Japanese Winery Experience

Do you know the different of Japanese Wine and Sake? Sake is a traditional fermented rice beverage in Japan that contains alcohol. On the other hand, wine is an internationally well-known alcoholic drink made from fermented grapes or other types of fruit. Fans of alcoholic beverages may be interested to know more differences between the two drinks.

The different of Sake & Japanese Wine

There are many types of wine that are more valuable the longer they are aged, as the taste is believed to improve over time. In contrast, sake is generally meant to be drunk sooner than wine. Sake is best drunk within one year, as it can be kept in the refrigerator for up to a year without a change in quality. There may be some sake that is deliberately aged but it is an exception.

Sake, which has a taste that will quickly disappear after it leaves the mouth, is regarded as a desirable characteristic. Thus, high-quality sake is expected to not leave an aftertaste in the mouth. On the flip side, a long finish is a sought-after quality in wine.

Umami is one of the key flavors in sake. Umami refers to savoriness, and glutamic acid is an amino acid that is linked to the taste of umami. As sake contains higher amounts of amino acids than wine, sake has more umami taste than wine.

Typically, sake contains higher alcohol content compared to wine. This is because the process of making wine involves the use of a high concentration of sugar at the beginning which inhibits alcohol production by yeast. However, for sake, the amount of sugar is kept to a minimum at the start so the fermentation process proceeds without much inhibition of the alcohol production by yeast.

In wine tasting, a tulip-shaped wine glass is used. The taster will begin by smelling the aroma directly from the glass, and then the wine will be swirled which causes contact with air, after which the taster will smell again. For sake tasting, a kikichoko cup is used and swirling is not included in the steps of sake tasting. This suggests that for sake, the retronasal smell is more essential than the orthonasal smell.

Japanese Wine History

Although viticulture and the cultivation of grapes for table consumption has a long history in Japan, domestic wine production using locally produced grapes only really began with the adoption of Western culture during the Meiji restoration in the second half of the 19th century.

According to data from Japan’s National Tax Agency for 2017, approximately 382,000 kiloliters of wine was purchased in Japan, of which two-thirds was imported wine. Of the 102,000 kiloliters of wine domestically produced that year, only a fifth came from domestically grown and harvested grapes. The Agency states the share of Japanese wine, as defined as domestically produced wine from domestically grown grapes, as only 4% of total domestic consumption, or 14,988 kiloliters.
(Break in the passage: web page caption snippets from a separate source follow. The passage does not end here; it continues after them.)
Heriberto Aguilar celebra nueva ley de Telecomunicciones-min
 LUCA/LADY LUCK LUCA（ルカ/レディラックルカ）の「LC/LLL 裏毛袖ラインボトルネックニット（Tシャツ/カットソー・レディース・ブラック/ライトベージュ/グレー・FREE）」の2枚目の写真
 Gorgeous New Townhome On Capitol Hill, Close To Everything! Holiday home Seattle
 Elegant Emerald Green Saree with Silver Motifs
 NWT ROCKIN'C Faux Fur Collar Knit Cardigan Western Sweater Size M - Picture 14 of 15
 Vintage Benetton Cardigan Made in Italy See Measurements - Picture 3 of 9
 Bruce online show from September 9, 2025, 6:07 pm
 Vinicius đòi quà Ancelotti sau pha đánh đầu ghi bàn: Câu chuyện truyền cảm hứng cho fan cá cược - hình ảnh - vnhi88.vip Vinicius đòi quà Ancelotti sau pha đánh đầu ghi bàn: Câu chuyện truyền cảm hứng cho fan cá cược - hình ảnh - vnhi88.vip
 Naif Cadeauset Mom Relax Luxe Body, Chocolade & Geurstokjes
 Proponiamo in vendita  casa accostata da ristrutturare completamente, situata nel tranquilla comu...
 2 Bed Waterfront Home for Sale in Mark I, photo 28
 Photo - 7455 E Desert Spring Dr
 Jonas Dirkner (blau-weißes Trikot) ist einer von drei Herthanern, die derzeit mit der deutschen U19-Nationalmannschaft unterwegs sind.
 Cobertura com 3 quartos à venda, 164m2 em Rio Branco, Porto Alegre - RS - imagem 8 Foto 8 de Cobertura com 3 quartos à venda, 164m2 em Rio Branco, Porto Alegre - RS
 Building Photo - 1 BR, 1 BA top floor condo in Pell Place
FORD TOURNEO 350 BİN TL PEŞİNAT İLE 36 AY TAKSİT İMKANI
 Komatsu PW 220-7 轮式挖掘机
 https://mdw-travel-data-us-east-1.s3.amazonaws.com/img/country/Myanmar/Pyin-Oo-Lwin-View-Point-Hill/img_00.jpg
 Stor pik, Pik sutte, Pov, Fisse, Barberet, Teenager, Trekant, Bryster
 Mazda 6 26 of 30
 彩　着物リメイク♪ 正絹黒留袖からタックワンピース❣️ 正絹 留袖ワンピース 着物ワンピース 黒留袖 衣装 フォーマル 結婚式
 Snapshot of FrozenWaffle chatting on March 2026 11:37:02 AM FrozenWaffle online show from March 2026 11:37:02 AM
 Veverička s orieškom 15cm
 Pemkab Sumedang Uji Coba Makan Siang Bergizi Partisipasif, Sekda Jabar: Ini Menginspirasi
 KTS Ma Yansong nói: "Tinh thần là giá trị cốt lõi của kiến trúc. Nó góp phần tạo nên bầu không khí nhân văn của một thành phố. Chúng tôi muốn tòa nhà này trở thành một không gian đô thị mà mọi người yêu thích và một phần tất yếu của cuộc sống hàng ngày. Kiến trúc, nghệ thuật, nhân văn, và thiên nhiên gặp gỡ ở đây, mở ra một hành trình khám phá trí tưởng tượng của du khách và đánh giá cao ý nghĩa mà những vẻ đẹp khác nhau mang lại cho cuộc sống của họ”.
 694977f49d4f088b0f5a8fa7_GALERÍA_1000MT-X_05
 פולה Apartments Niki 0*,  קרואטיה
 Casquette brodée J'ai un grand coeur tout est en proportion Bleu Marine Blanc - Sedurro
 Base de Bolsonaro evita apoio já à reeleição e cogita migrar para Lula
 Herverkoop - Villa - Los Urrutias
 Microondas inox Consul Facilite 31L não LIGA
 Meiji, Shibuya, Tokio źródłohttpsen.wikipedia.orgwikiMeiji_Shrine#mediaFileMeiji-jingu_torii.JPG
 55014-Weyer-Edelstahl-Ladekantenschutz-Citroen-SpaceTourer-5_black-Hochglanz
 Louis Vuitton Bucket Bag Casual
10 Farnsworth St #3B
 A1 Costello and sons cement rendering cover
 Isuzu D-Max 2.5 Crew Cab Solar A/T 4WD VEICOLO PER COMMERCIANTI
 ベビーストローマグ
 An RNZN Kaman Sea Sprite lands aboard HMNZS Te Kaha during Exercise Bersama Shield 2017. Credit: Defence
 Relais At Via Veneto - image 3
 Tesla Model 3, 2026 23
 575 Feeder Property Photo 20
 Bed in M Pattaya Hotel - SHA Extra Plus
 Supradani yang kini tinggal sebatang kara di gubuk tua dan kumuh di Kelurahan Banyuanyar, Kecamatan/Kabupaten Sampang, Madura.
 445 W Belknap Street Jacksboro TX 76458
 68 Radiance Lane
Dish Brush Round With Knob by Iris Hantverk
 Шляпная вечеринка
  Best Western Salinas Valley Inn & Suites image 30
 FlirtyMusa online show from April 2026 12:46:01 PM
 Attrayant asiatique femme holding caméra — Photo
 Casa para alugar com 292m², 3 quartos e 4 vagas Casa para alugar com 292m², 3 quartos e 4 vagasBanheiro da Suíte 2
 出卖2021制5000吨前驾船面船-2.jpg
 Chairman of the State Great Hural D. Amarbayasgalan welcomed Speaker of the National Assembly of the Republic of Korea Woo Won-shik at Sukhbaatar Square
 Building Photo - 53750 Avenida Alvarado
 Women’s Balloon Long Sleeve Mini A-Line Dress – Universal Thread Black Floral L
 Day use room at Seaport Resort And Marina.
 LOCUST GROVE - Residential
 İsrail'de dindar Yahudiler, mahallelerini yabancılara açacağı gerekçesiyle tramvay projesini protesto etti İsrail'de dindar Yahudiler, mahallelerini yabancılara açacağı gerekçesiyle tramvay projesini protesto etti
Only 58 kiloliters of Japanese wine was exported overseas.

The main region for winemaking in Japan is in Yamanashi Prefecture which accounts for approximately a third of domestic production,[1] although grapes are cultivated and wine is also produced in more limited quantities by vintners throughout the country, from Hokkaido in the North to Miyazaki Prefecture on the Southern island of Kyushu.

The town of Katsunuma in the Kofu basin is an important center of Japanese wine making, being the birthplace of the Japanese wine industry. Today the area remains the top producer of wines that are made using only Japanese grapes, and it is a popular tourist destination with a large concentration of wineries at which visitors can buy, taste and learn about many aspects of Japanese wine.

The region’s wineries range widely in what they offer visitors. Many operate shops that sell the winery’s products and offer wine tasting, while a few also conduct tours of the winery or offer workshops about the different aspects of wine.